Task brief -> Would you restate word for word the lines of the listing, beginning at the first and ending with the line that holds "The blush comes"?

Supplied material ->
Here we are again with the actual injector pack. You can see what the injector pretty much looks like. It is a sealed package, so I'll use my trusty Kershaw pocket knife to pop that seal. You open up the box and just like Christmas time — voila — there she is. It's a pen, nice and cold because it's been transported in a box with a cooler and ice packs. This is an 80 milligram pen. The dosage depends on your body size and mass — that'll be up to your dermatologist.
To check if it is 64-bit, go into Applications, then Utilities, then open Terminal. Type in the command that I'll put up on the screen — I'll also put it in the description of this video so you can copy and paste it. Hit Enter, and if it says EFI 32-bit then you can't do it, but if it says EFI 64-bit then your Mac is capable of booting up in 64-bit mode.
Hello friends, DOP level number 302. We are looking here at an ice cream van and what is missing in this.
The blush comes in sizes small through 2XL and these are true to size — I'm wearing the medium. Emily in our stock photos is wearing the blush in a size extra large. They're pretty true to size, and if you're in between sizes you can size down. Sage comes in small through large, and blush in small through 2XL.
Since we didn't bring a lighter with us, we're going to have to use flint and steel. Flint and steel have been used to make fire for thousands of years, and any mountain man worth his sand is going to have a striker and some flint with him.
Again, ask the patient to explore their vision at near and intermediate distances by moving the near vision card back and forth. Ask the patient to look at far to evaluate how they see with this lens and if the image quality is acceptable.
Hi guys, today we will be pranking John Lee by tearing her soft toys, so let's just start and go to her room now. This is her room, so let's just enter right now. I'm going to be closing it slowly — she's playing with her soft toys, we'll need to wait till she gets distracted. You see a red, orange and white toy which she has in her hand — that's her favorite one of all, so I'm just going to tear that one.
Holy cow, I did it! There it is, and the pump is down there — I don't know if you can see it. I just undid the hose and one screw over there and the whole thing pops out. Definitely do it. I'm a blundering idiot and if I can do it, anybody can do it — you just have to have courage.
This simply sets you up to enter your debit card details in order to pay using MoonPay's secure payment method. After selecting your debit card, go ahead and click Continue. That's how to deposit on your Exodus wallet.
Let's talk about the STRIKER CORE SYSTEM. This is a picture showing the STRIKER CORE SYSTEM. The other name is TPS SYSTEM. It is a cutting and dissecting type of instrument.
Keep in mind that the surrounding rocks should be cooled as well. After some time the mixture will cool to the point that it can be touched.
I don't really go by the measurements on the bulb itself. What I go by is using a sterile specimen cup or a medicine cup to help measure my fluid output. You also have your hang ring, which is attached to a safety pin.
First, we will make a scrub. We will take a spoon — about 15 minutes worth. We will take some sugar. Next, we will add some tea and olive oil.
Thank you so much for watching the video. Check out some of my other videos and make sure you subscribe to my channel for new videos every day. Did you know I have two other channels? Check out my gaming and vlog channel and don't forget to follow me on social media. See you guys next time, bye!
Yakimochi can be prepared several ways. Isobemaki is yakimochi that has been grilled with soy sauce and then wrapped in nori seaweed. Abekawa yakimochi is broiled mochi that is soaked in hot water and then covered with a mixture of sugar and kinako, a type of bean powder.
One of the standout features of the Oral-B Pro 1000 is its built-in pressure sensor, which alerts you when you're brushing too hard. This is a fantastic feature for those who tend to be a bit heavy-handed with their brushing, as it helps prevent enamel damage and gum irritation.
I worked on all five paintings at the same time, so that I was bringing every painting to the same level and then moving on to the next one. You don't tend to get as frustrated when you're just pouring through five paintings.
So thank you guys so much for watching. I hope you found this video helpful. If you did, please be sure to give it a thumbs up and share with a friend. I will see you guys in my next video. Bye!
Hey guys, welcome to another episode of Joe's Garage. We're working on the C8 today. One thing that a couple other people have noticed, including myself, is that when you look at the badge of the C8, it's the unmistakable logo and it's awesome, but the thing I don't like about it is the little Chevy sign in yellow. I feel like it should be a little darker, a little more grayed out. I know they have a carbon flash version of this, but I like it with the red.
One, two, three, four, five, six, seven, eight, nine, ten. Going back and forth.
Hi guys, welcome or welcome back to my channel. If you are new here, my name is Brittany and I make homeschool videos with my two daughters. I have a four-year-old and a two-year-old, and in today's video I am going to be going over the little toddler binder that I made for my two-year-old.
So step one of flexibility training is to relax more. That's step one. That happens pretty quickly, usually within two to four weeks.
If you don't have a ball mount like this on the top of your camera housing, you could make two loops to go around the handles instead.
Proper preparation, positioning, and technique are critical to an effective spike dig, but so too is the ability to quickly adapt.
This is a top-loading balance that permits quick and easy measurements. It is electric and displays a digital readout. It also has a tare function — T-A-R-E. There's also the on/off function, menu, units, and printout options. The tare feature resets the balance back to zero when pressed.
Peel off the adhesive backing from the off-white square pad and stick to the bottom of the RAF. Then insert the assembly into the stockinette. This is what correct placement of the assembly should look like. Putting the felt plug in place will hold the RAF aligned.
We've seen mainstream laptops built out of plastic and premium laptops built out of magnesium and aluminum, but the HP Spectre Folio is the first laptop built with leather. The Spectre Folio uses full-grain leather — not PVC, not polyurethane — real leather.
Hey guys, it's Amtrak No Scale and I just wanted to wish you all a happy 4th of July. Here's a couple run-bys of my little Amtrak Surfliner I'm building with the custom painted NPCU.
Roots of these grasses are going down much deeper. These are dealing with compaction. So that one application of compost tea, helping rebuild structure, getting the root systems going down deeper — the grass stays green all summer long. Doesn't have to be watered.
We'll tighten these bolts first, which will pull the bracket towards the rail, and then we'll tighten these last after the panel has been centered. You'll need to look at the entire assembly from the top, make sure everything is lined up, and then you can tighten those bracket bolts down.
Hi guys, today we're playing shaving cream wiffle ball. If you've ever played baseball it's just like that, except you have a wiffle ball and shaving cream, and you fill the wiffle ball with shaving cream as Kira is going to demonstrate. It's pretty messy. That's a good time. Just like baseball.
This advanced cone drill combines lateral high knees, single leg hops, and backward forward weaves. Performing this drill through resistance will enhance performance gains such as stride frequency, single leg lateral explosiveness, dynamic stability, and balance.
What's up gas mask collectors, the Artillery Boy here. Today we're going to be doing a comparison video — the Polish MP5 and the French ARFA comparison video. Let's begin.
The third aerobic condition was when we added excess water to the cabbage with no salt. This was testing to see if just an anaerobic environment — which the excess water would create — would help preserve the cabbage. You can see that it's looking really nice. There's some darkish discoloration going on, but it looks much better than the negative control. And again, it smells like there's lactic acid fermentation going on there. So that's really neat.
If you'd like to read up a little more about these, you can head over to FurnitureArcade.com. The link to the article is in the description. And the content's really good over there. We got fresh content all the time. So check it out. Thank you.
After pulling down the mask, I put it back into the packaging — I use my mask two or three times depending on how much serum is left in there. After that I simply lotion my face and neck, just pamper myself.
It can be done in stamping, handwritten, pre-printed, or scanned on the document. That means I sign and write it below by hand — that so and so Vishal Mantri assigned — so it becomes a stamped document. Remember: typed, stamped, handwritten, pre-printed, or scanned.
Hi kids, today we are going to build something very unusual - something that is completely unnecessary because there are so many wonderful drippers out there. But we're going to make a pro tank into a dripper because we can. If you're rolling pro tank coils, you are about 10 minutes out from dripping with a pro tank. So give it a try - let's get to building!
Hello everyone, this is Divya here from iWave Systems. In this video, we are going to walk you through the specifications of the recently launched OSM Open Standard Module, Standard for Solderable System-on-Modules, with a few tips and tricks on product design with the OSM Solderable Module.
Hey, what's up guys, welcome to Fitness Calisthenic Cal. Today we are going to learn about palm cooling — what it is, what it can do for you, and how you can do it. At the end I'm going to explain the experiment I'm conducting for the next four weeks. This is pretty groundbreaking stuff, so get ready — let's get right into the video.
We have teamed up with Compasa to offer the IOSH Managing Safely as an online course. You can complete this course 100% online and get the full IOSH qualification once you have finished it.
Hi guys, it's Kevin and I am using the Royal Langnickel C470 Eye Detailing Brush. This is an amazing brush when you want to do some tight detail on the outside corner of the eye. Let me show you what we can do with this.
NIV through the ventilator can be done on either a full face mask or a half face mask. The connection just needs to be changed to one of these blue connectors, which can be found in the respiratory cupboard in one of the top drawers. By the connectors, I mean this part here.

Result of the exercise ->
Here we are again with the actual injector pack. You can see what the injector pretty much looks like. It is a sealed package, so I'll use my trusty Kershaw pocket knife to pop that seal. You open up the box and just like Christmas time — voila — there she is. It's a pen, nice and cold because it's been transported in a box with a cooler and ice packs. This is an 80 milligram pen. The dosage depends on your body size and mass — that'll be up to your dermatologist.
To check if it is 64-bit, go into Applications, then Utilities, then open Terminal. Type in the command that I'll put up on the screen — I'll also put it in the description of this video so you can copy and paste it. Hit Enter, and if it says EFI 32-bit then you can't do it, but if it says EFI 64-bit then your Mac is capable of booting up in 64-bit mode.
Hello friends, DOP level number 302. We are looking here at an ice cream van and what is missing in this.
The blush comes in sizes small through 2XL and these are true to size — I'm wearing the medium. Emily in our stock photos is wearing the blush in a size extra large. They're pretty true to size, and if you're in between sizes you can size down. Sage comes in small through large, and blush in small through 2XL.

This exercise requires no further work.